* **What is required**
In the records below, the relevant part opens with the line containing "ミッキーマウス 海賊ストラップ とピンクビーズストラップのセット" and closes with the line containing "Shiva vertical canvas"; print that part exactly and only, without its pictures.

* **Exercise input**
————

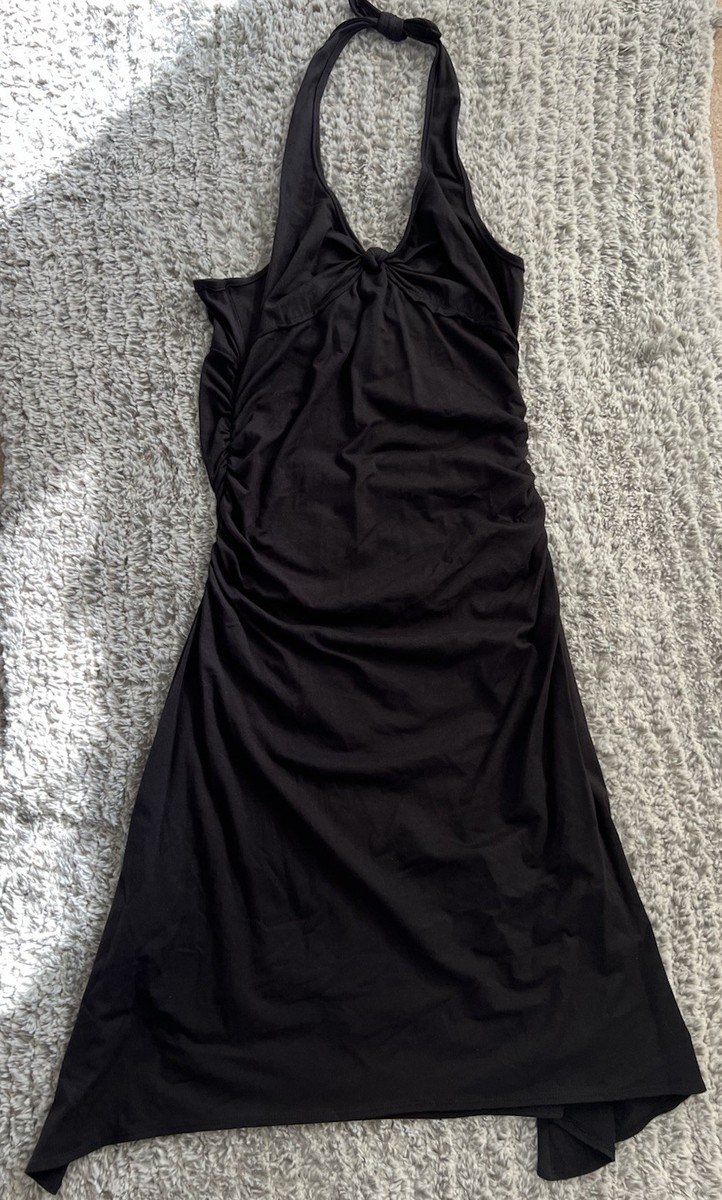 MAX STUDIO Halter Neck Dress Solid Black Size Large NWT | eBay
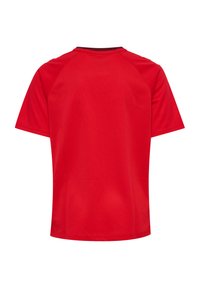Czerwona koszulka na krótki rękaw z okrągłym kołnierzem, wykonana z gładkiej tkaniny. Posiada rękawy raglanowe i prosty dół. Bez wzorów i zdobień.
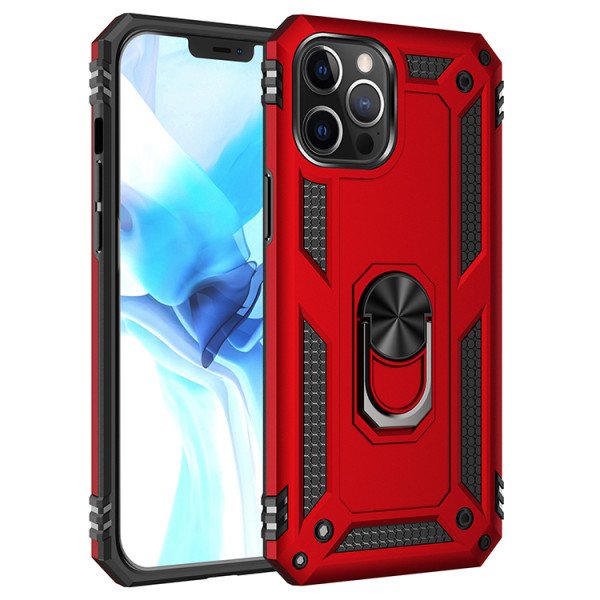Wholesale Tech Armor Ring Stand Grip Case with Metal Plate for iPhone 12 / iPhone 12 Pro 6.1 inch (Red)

————

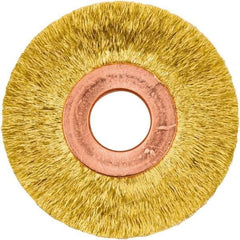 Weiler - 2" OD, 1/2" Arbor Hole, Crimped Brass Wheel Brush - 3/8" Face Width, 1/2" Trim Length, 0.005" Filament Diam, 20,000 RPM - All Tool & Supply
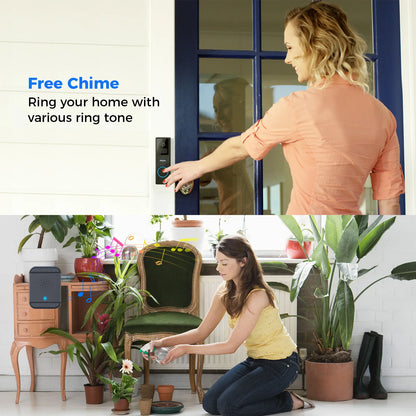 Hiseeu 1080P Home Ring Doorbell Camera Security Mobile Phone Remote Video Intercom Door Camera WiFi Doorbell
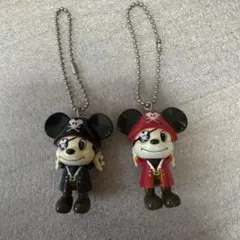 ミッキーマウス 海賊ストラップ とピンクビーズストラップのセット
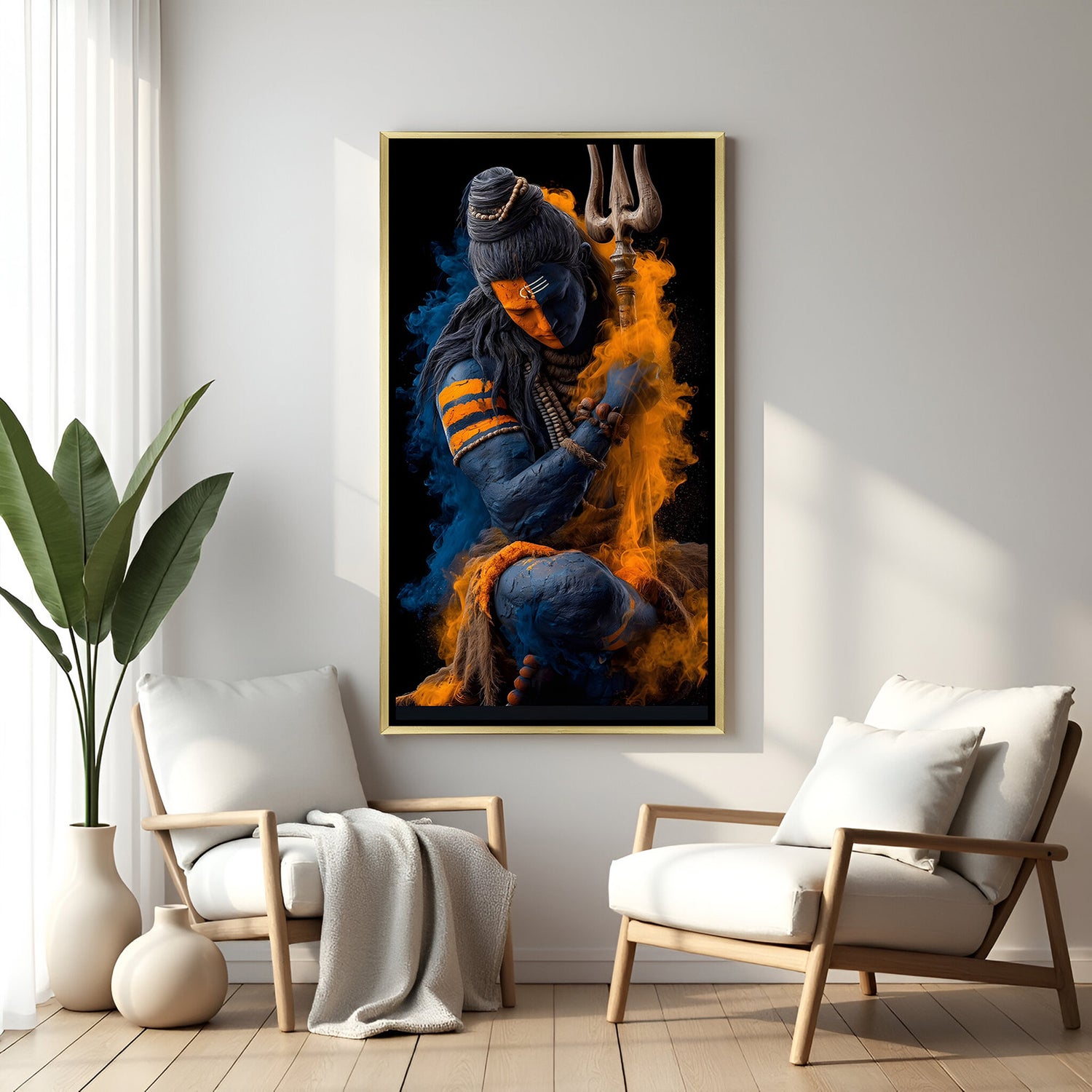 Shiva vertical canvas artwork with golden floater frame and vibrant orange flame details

————

* **Written reply**
 ミッキーマウス 海賊ストラップ とピンクビーズストラップのセット
 Shiva vertical canvas artwork with golden floater frame and vibrant orange flame details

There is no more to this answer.